Image-text web data
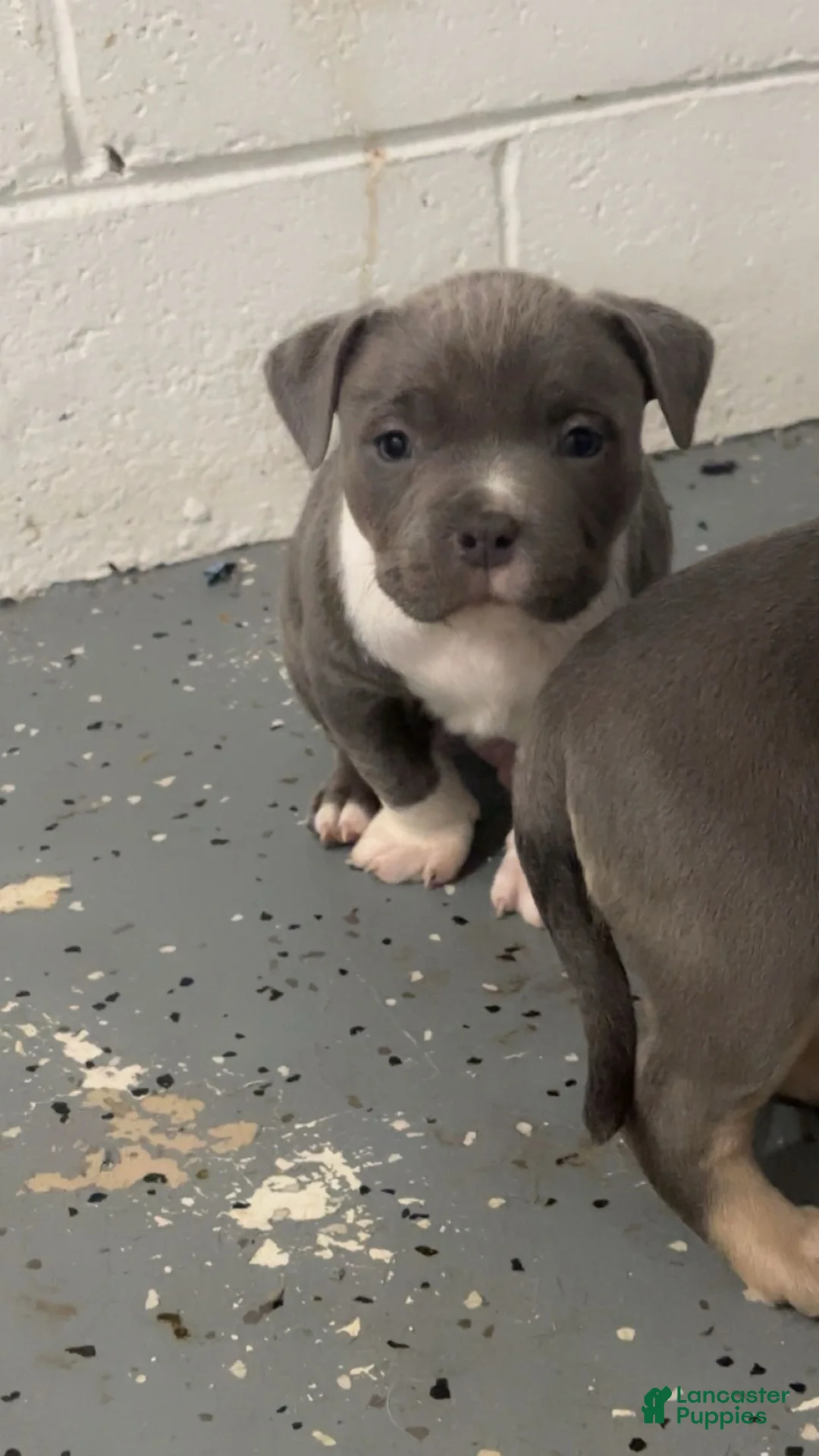 American Bully dogs for sale: American Bully Puppy 1 - Ad 1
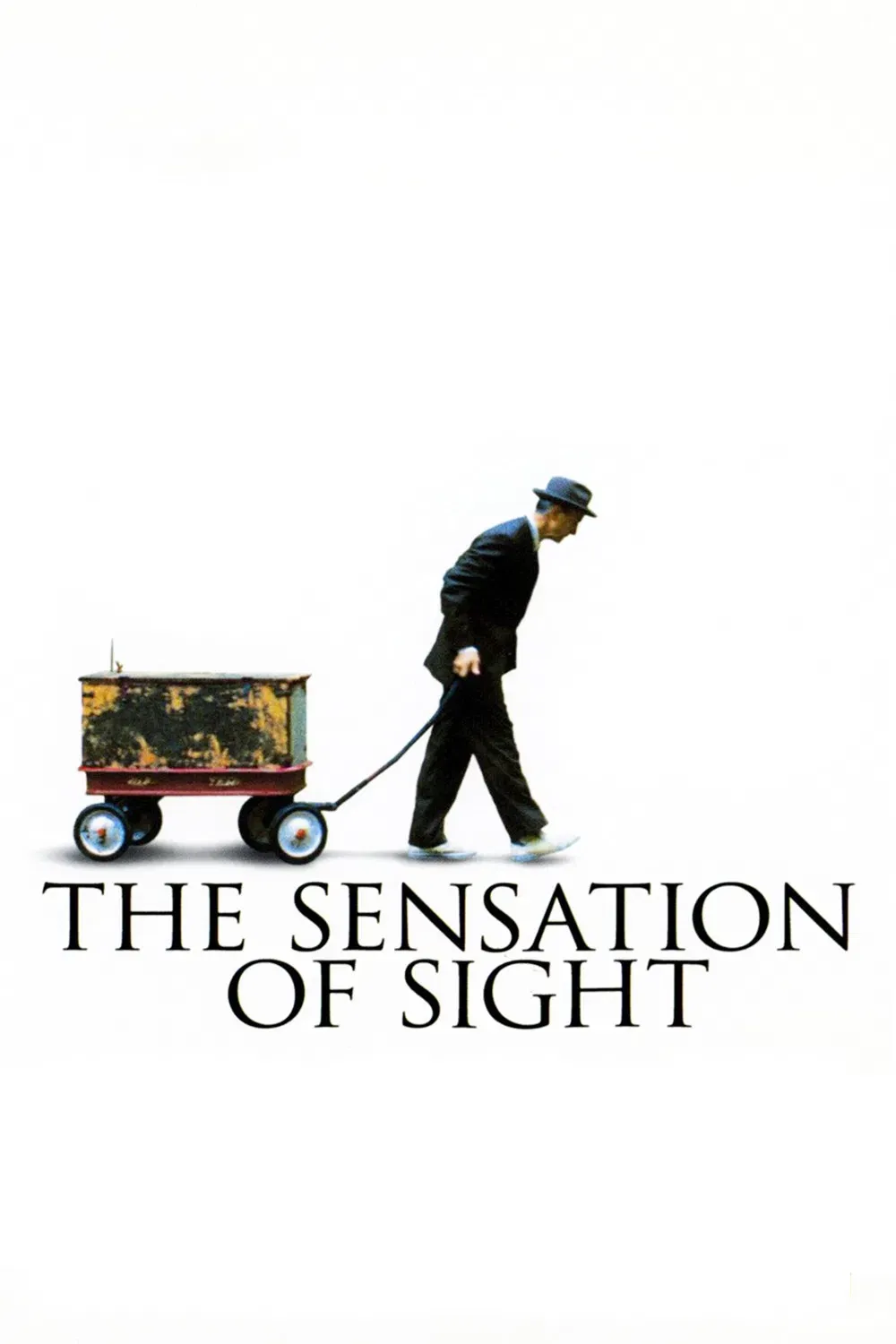 Poster of the movie The Sensation of Sight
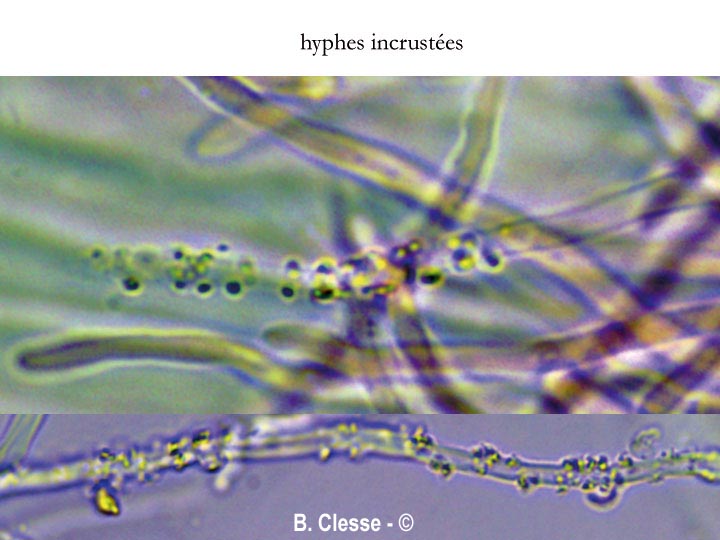 Skeletocutis carneogrisea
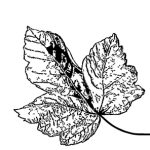 VL_Acer_pseudoplatanus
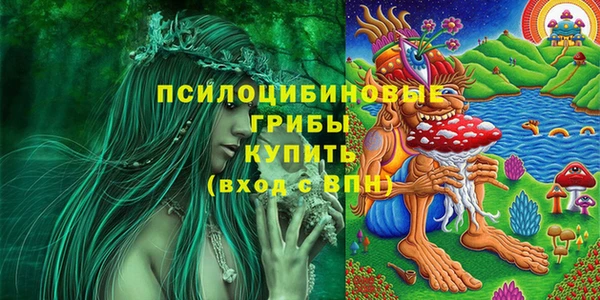 spice Балахна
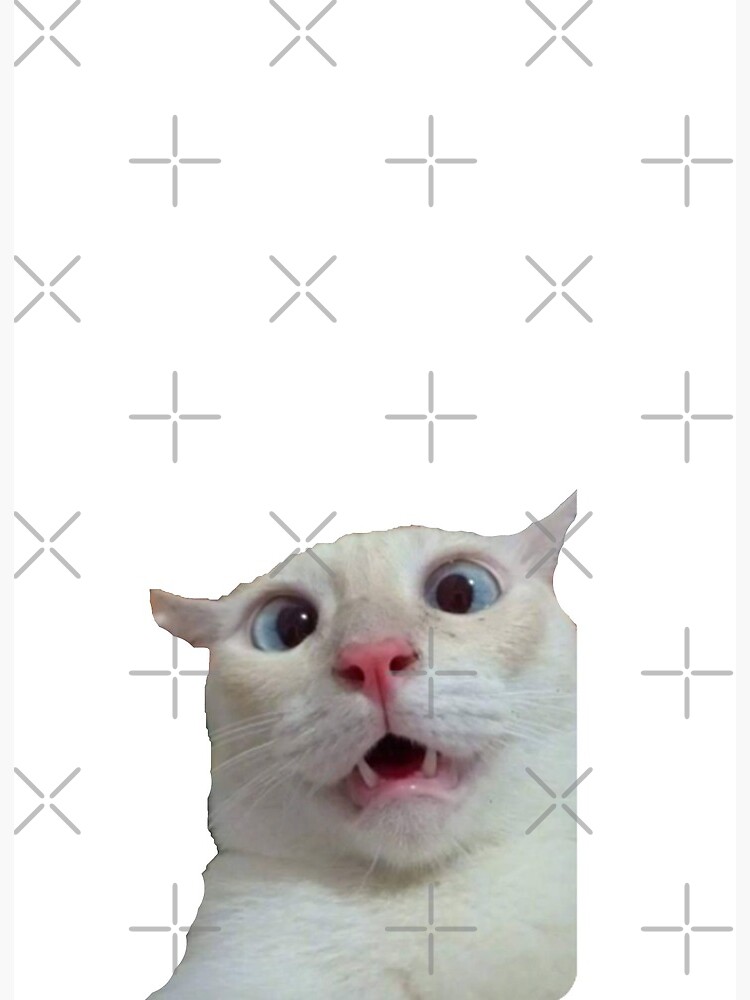 Meme cat funny face | Art Board Print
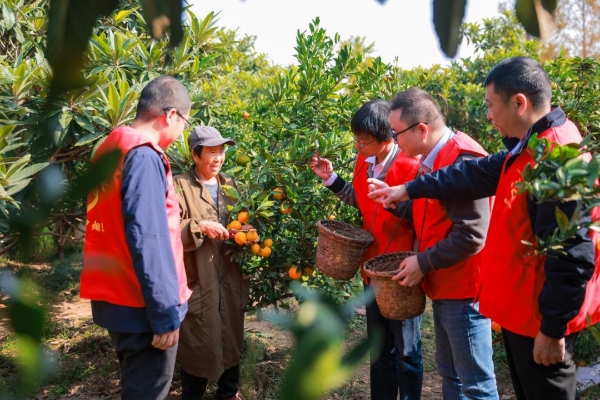 志愿者帮助村民采摘橘子。廖敬业摄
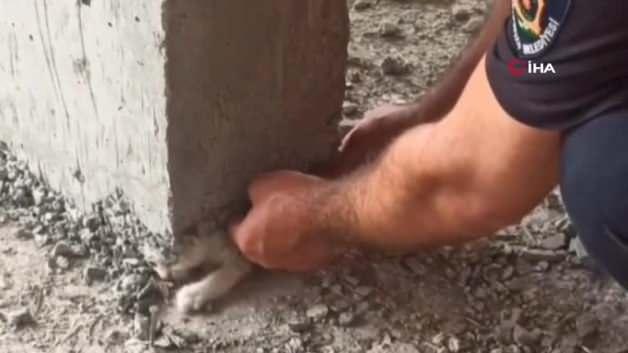 Yavru kedinin üzerine beton döktüler! İtfaiyenin takdir toplayan operasyonu kamerada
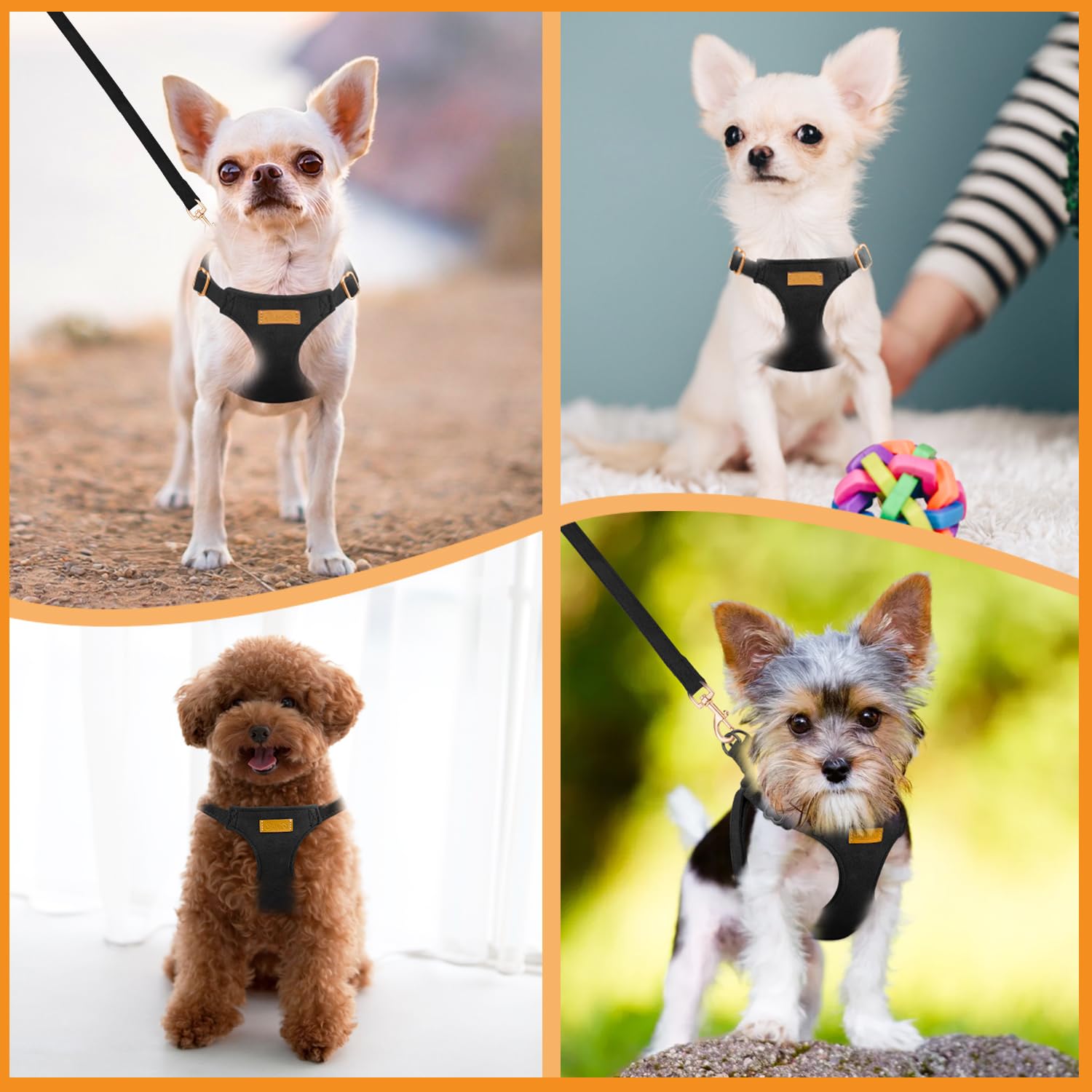 SlowTon adjustable straps grow with your puppy for versatile everyday use.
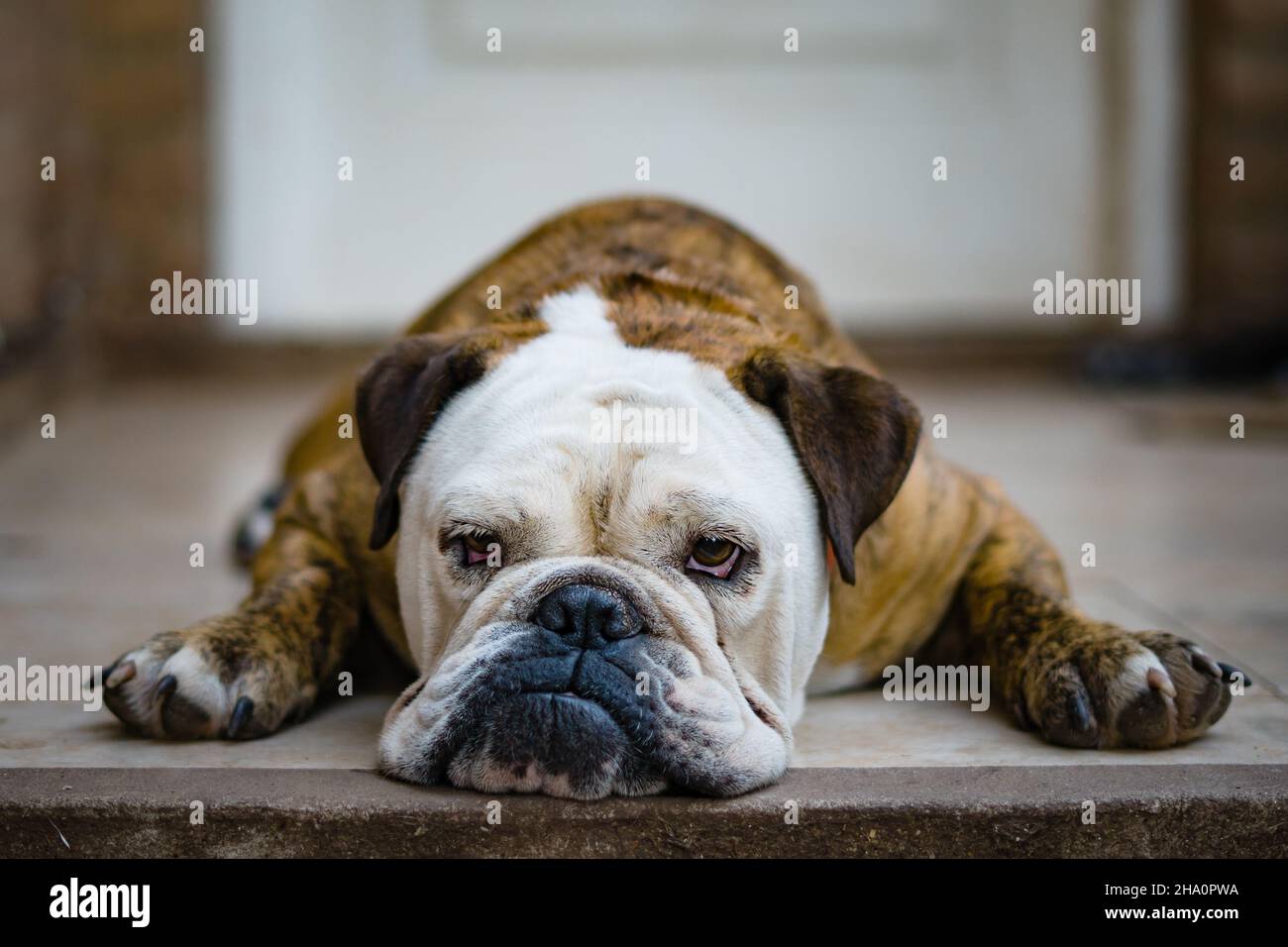 English bulldog with muzzle on the floor Stock Photo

* [Exercise objective] Retype only the lines from the one with "志愿者帮助村民采摘橘子。廖敬业摄" through the final line of the entries, please, and keep the pictures out.

* [Written solution]
 志愿者帮助村民采摘橘子。廖敬业摄
 Yavru kedinin üzerine beton döktüler! İtfaiyenin takdir toplayan operasyonu kamerada
 SlowTon adjustable straps grow with your puppy for versatile everyday use.
 English bulldog with muzzle on the floor Stock Photo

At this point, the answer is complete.